Толпа бросилась к квартире капитана Янжула. Но хозяин дома, уважаемый в станице казак, заявил, что капитана нет, и он не знает, где он. Толпа рассыпалась искать его. Между тем, пока все это происходило, сильно пораненный капитан Янжул догадался направиться прямо ко мне, как ближайшему от места происшествия дому, где мог быть перевязан. В то же время дежурный по гарнизону (есаул Кубатиев) принял все меры к успокоению казаков и водворению порядка. Казакам объявили, что капитан Янжул арестован, содержится на гарнизонной гауптвахте, о чем уже послано во Владикавказ. Казакам же нельзя самоуправствовать, ибо ответят за это по законам военного времени. Всю ночь волновалось население 5000-ное станицы, а гарнизон (строевая сотня и взвод орудий) были наготове силою подавить мятеж и насилие над «иногородними». Утром, когда
поуспокоились, стали разбираться спокойнее в совершившемся событии и протрезвившиеся казаки. Нашлись беспристрастные свидетели, очевидцы нападения убитого дебошира на всех встречных ему людей, а в том числе и[на] капитана. К вечеру прибыл военный следователь и сразу поставил дело в строго законные рамки. Все обстоятельства в присутствии понятых были точно установлены.

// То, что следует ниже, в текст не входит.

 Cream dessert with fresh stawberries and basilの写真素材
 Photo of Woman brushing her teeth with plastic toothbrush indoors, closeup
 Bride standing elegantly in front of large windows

Выяснилось, что убитый был в пьяном виде нетерпимый в обществе человек, деспот в свой семье и страшилище для соседей. Дело быстро было разобрано особой выездной сессией военного суда на месте убийства в ст. Михайловской в присутствии массы казаков. Суд постановил, что капитан Янжул действовал, только защищая себя от нападавшего на него дебошира, который первым нанес ему удар, лишь случайно не оказавшийся смертельным. Суд оправдал капитана, а казакам было поставлено на вид их вызывающее поведение по отношению к офицерским чинам, что, по законам военного ведомства, подлежит строгой ответственности.

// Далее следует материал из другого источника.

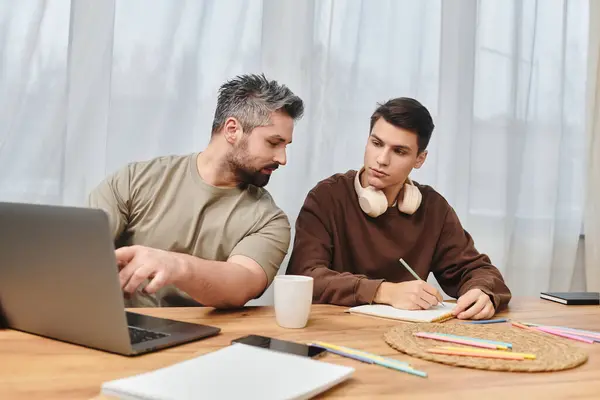 Two brothers engage in a productive learning session at home, sharing knowledge and notes. — Stock Photo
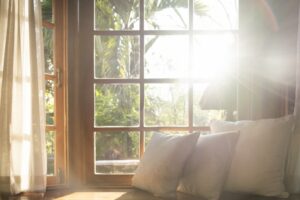 sun-shining-through-large-living-room-window
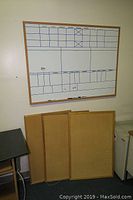 Dry erase board with grid layout mounted on the wall above three cork bulletin boards stacked on the floor.
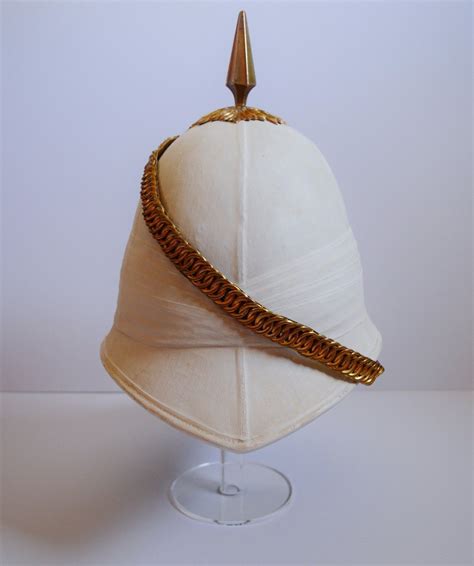 The helmet has been treated with several coats of 'blanco' (whitening mixture) and then naturally aged to give a lovely yellow/tan patina. British Foreign Service Helmet, Pith Helmet, Tropical ...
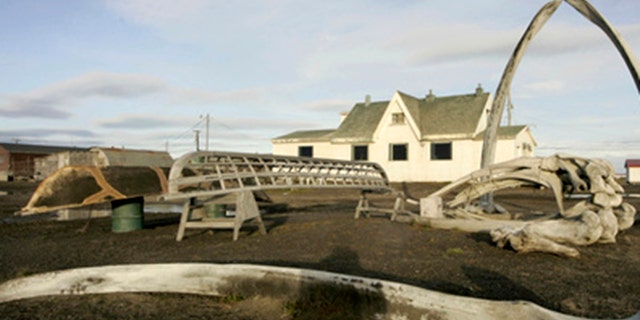 In this Aug. 12, 2005, file di foto, a skin boat display sits next to whale bones and an arch made of a whale jaw on the beach at Brower's Cafe in Barrow, Alaska.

Долго еще отголоски этого печального происшествия занимали умы станичников, но, в конце концов, все успокоились, признав, что суд поступил правильно. У меня, правду сказать, пропала охота исправлять лично жестокие нравы и обычаи станичного населения.
Зима в этом году была мягкая и снежная. Никаких конных учений в батарее не было. Тем не менее, все лошади были в большой работе. Станица располагалась в долине р. Сунжи. На юг из долины амфитеатром поднимались предгорья и хребты, проецирующиеся на главный, со снежными вершинами кряж. Начиная с ближайших предгорий, весь горизонт почти до начала альпийских полей, а за ними ледников, глаза видят сплошные лесные пространства – это «Синий лес», скрывавший поселения «мирных», а еще выше – «немирных» горцев. Огромные лесные площади здесь принадлежат казне, а также управлениям казачьим и военно-народному. Билет на право рубки в этих лесах, притом какого угодно количества пней, дров и пр., стоил всего лишь 5 р[ублей] в год.
Наша батарея, как учреждение казенное, получив такой билет, широко пользовалась правом рубки и вывоза леса. Обыкновенно, в лес отправлялось человек 80 (из них человек 10 с ружьями); брали с собой походную кухню, хлеб и продукты, а для работы все необходимые инструменты. Месяца два работала такая команда в лесу, заготовляя и обделывая строительный материал, а также дрова на целый год для всей батареи. Когда лес срублен и уже подготовлен, начинался вывоз заготовленного материала в батарейный двор. Вот когда наступала горячая работа и для всех лошадей. Экспедиция хозяйственная закончилась. Люди возвратились усталые от тяжкой работы, в изорванном платье, срок которому установлен большой и при нормах носки. Но в финансовом отношении эти заготовки натурою переводили непосредственно в карман командира батареи все деньги, специально ассигнуемые на отопление казенных зданий и на стоимость всякого строительного материала для всех видов ремонта.
Таким же путем снимались и пастбищные места, на которых долго выдерживались батарейные лошади, а люди заготовляли сено на зиму. Словом, непосредственным общением с жизнью батареи и действительными распоряжениями в ней я от многого пришел в расстройство, не понимая, как можно так просто и открыто перекладывать казенные деньги в командирский личный карман.
Однажды, как раз по окончании лесных заготовок, в один из торжественных царских дней я должен был отвести команду нашей батареи в церковь и на парад на станичной площади. До[посещения] церкви командир батареи (католик) хотел осмотреть обмундировку команды. В воинских частях того времени получали от казны только сукно и приклад, а шили одежду части своими собственными средствами. Выгода хозяйственника требовала давать в носку постоянную и на долгий срок только старую одежду (3й
срок); получше (2й срок) хранить в цейхгаузе и выдавать для носки лишь в особых случаях; наконец, 1й срок – совершенно новое, никогда не одеванное – хранить в цейхгаузах как неприкосновенный запас на случай мобилизации.